New Delhi: The High-Level Advisory Group (HLAG) set up by the Minister of Commerce has recommended Elephant Bond, an amnesty scheme to bring black money back in India.
Under this proposed scheme, unaccounted wealth holders can disclose their assets by paying minimum tax.
Under the scheme, they have to invest 40 percent of such wealth in long-term infrastructure bonds called Elephant Bonds. The proceeds from the issuance of such bonds will be utilized for the development of infrastructure in India. The HLAG was asked to give recommendations on ways to promote the country’s trade, investments.

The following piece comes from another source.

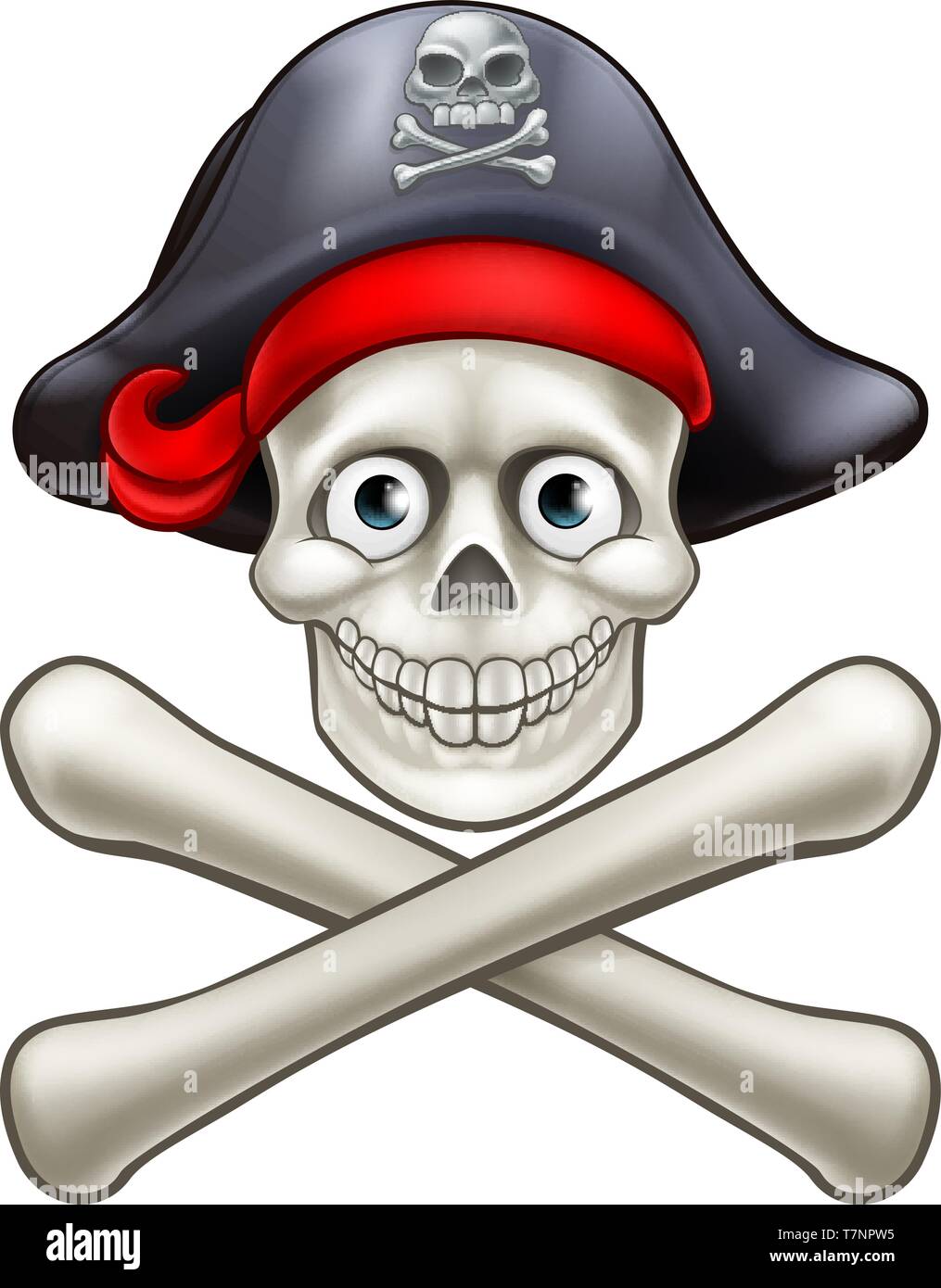Tête de mort Pirate Cartoon Illustration de Vecteur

A person who invests his black money in an Elephant Bonds will have to pay 15 percent of unaccounted wealth as tax. The 40 percent of wealth so declared will have to be invested in long term bonds.
The coupon rate of interest on such bonds will be linked to LIBOR (LIBOR plus 500 basis points) and the coupon rate would be 5 percent. Interest earned on elephant bond shall be chargeable to tax at the higher rate of 75 percent.
The maturity period of these bonds would be around 20 to 30 years. The scheme will be open for anyone who wants to disclose the unaccounted wealth and to get immunity from penalty and prosecution under various laws can opt for this amnesty scheme.
The High-Level Advisory Group (HLAG) has recommended that a subscriber to an Elephant Bond would get immunity from penalty and prosecution under all laws including foreign exchange, black money laws, and taxation laws.
‘Elephant Bonds’ are different from earlier schemes as it gives immunity from all laws on disclosing of unaccounted wealth and on the other side, the Government would get enough amount in form of tax and investment in bonds to channelize funds of infrastructure development in India.
This will be if it gets the government nod, not the first time that an amnesty scheme has been proposed to bring the black money back in India.
In 2016, Pradhan Mantri Garib Kalyan Deposit Scheme (PMGKDS) was introduced under which a person could declare his undisclosed cash by paying tax, surcharge, and penalty. However, that scheme did not turn out to be attractive owing to the exorbitant tax rate and non-immunity from certain criminal legislation such as the Prevention of Money-Laundering Act, 2002, Prevention of Corruption Act, 1988.
Similarly, in 1981, the Special Bearer Bonds (Immunities and Exemptions) Act, 1981 was brought in to channelize the black money for effective economic and social planning. This scheme also had certain shortcomings such as bond holders were not entitled to avail any setoff in any tax proceedings on the ground that he has subscribed to the bonds which in effect didn’t isolate the bonds from the regular tax proceedings.